You often need to clip when sampling indicies anyway, see here.

Yea similar thing seems to have happened to me with DiscreteUniform but Categorical was working fine. Interesting. Anyways if there is no otherway I guess I will go this way than thanks.

An alternative is to model the “fractions” directly with a Dirichlet and then scale and discretize them so they can be used as indexes. That avoids the ordering and bounds issue and the parameters are a bit more interpretable as well.?

2 Likes

Is this what you were suggesting (I used Uniform instead of Dirichlet for starters)?

index_proportions = pm.Uniform("index_proportions", 0, 1,
                                  transform=pm.distributions.transforms.multivariate_ordered,
                                  initval=[0.4,0.6], size=2)
  
indices = pm.Deterministic("indices",
                           pm.math.floor(N*index_proportions))

This seems to achieve the effect I wanted (first index has most weight at 0 and decreases as it increases and vice versa for the other). At least almost always. Since there is rounding involved, even if the index_proportions satisfy x<y it is possible that pm.math.floor(x) = pm.math.floor(y). I guess when there are only two indices, one can floor the first one and ceil the other but that would not work beyond sampling two indices. In any case, I can work with the off chance of indices being the same once in a while.
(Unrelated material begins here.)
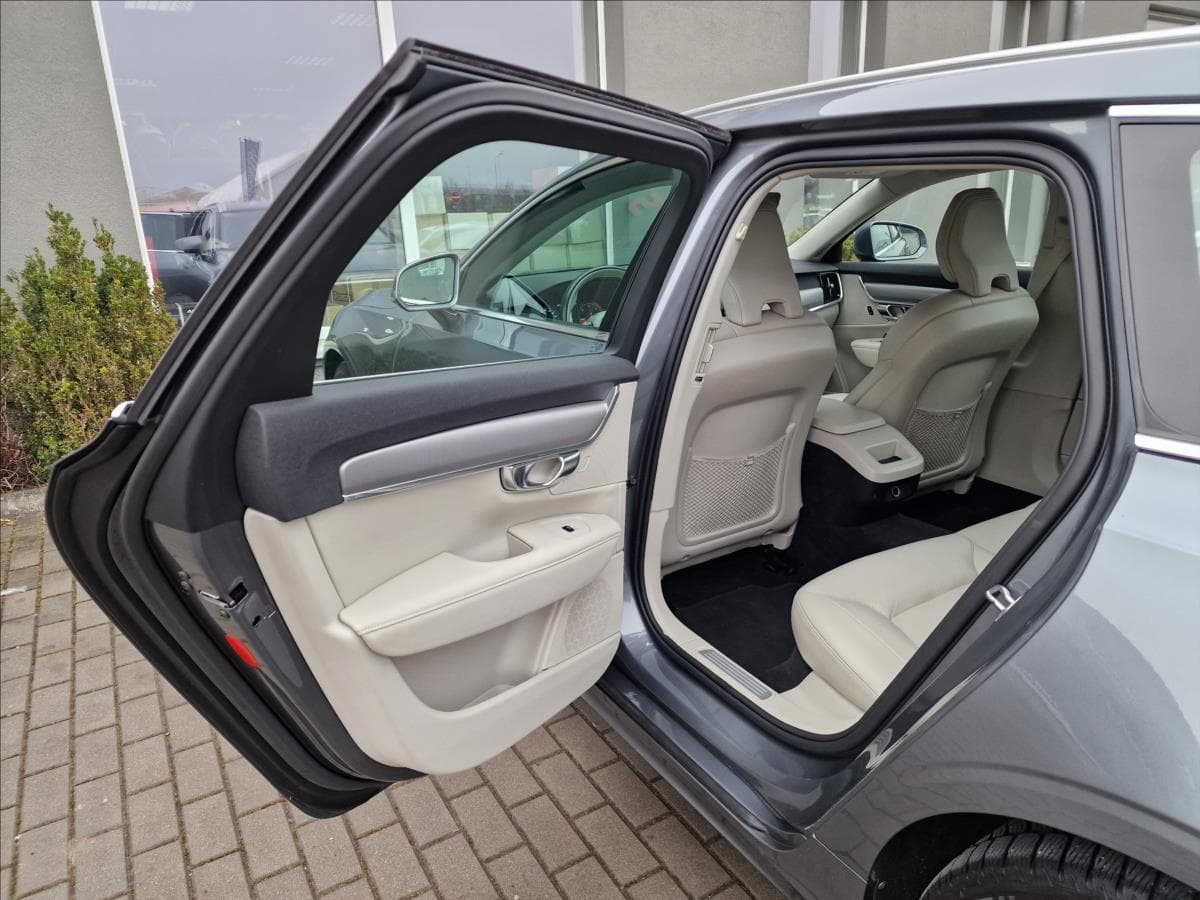 2019 Volvo V90 - 18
I also tried Dirichlet as such:

index_proportions = pm.Dirichlet("index_proportions", a=[1/4,3/4],
                                   transform=pm.distributions.transforms.multivariate_ordered,
                                   initval=[1/4,3/4])

but this was sampling almost exclusively 0 for the first index and others for the second index.

For the Dirichlet you shouldn’t need ordering, and you should sample one more entry and do a cumsum before scaling and discretizing. If you have ten entries to select from, the Dirichlet would give you something like [0.3, 0.2, 0.5]. Cumsum it and you get [0.3, 0.5, 1.0]. You always ignore the last entry (it’s one), and this gives you indexes 3 and 5 after you multiply by 10 and round.

Careful with the a parameter, if the entries are smaller than one you get a funny sparse prior (which is why you may have gotten only zeros). To have a prior of 3/10, 2/10, 5/10, you would use a=np.array([3, 2, 5]) * concentration, with concentration > 1. Higher values of concentration correspond to more and more informed priors. Uniform would simply be [1, 1, 1].

1 Like

Got it thanks, works also very well like this. And thanks for the tip on the Dirichlet

1 Like